Excerpts from a dataset:
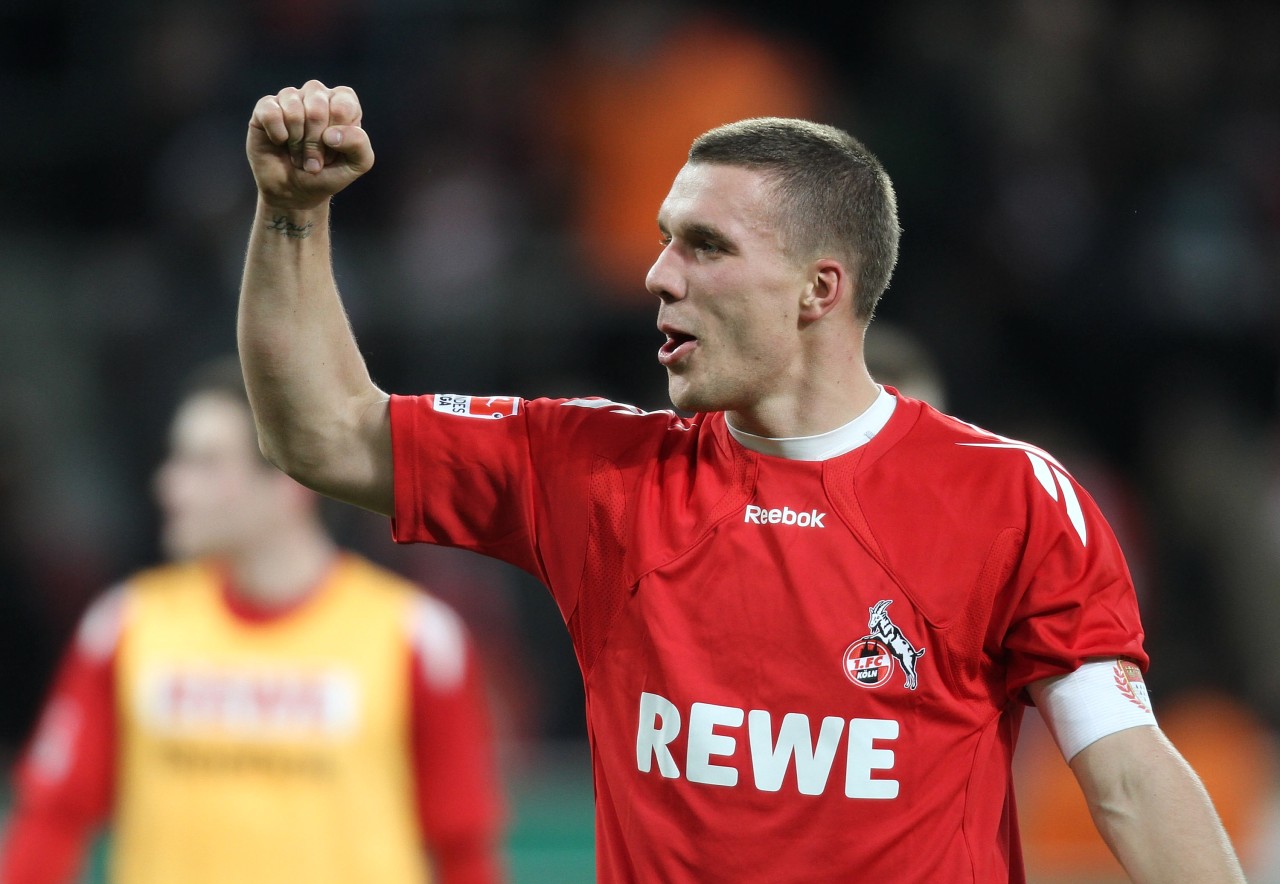 Geballte Faust: Lukas Podolski jubelte nach dem Abpfiff.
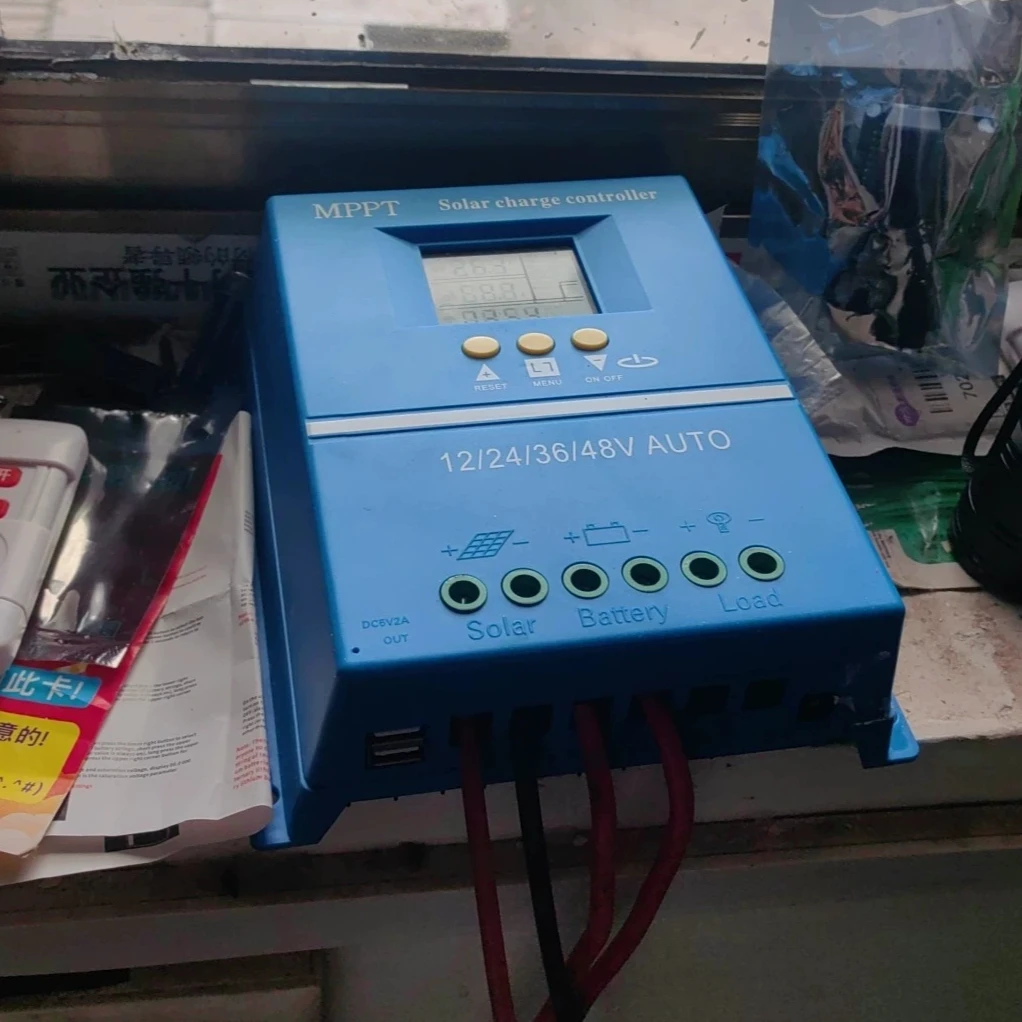 Auto Solar Panel Chargers Regulator 60A 80A 100A MPPT Charging Controller with LCD Display Efficient with LCD Display
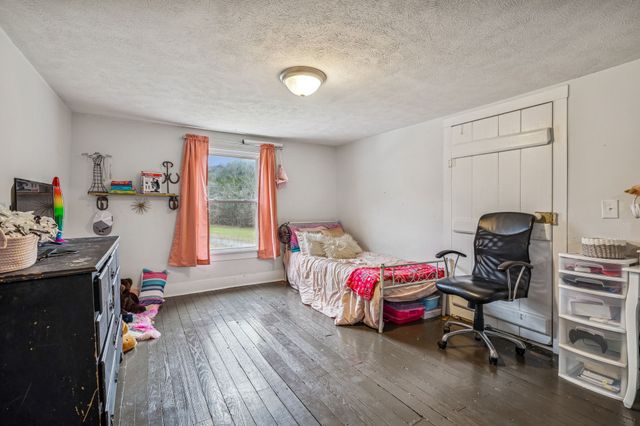 147 Sloan Branch Rd, Pleasant Shade, TN 37145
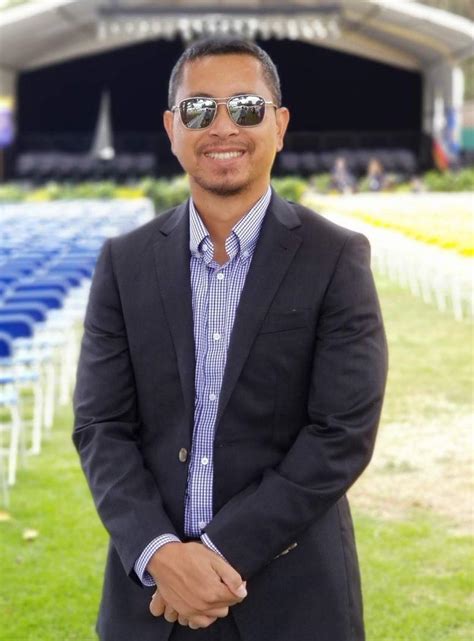 Bakersfield eye care ming ave. Dr. Son Nguyen | Bakersfield Eye Care Optometric Center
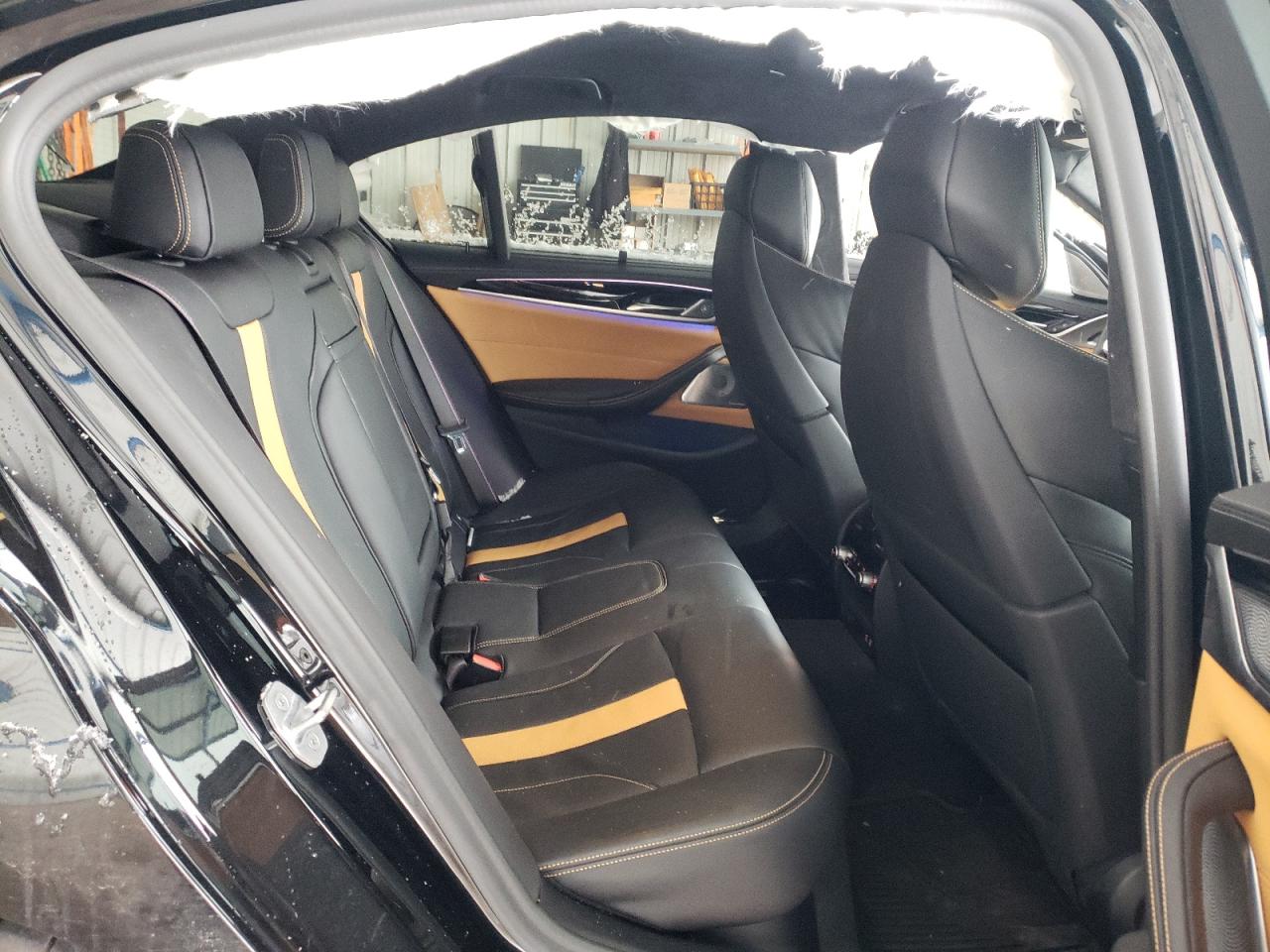 Photo 6 from auction – 2021 BMW M5 with VIN WBS83CH04MCG07339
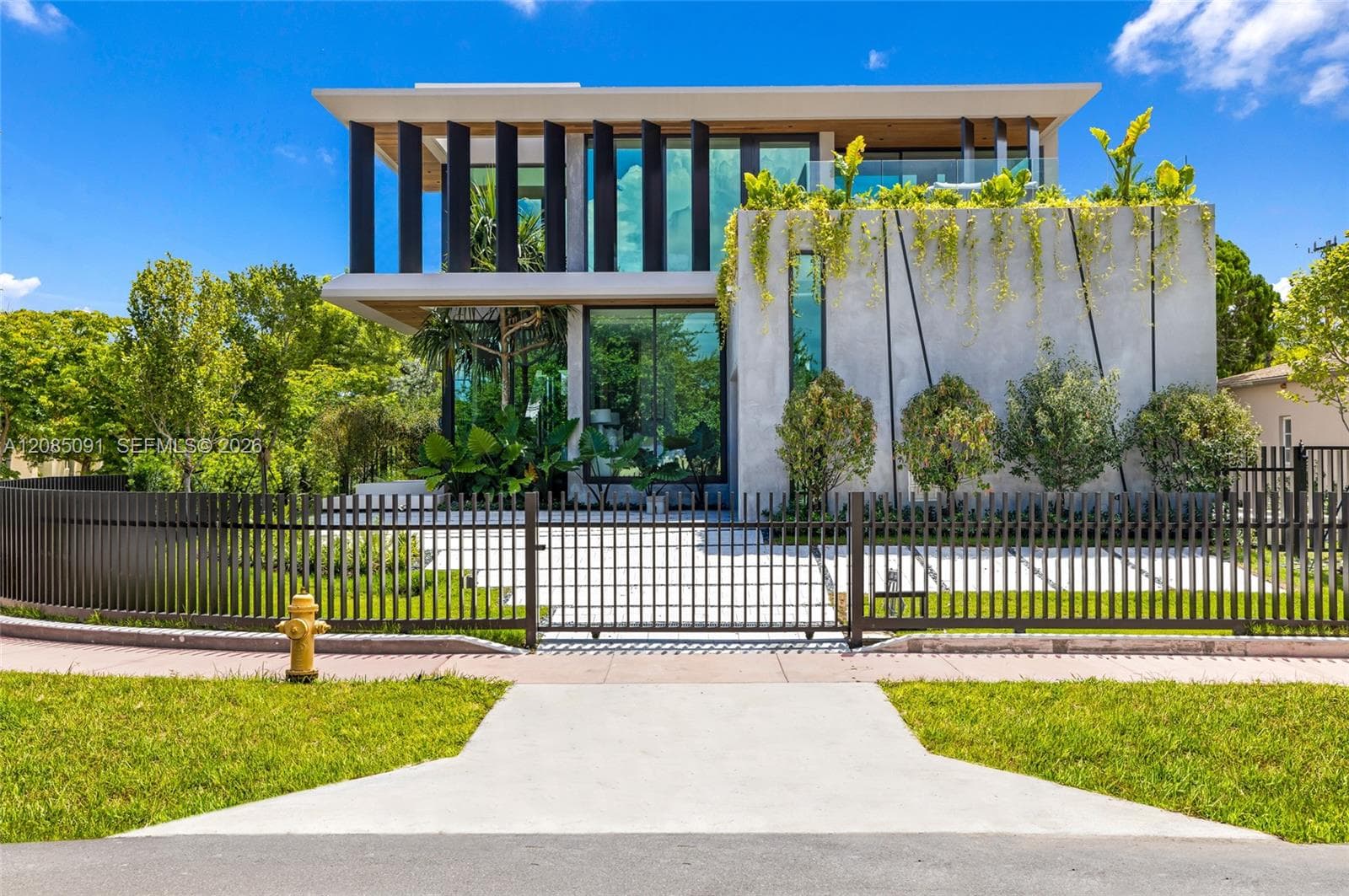 4940 Cherokee Ave, Miami Beach FL 33140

**EXERCISE OBJECTIVE**
Up to and including the line containing "Photo 6 from", quote each line of the entries above from the very first, please, exactly and without images.

**SOLUTION TO THIS TASK**
 Geballte Faust: Lukas Podolski jubelte nach dem Abpfiff.
 Auto Solar Panel Chargers Regulator 60A 80A 100A MPPT Charging Controller with LCD Display Efficient with LCD Display
 147 Sloan Branch Rd, Pleasant Shade, TN 37145
 Bakersfield eye care ming ave. Dr. Son Nguyen | Bakersfield Eye Care Optometric Center
 Photo 6 from auction – 2021 BMW M5 with VIN WBS83CH04MCG07339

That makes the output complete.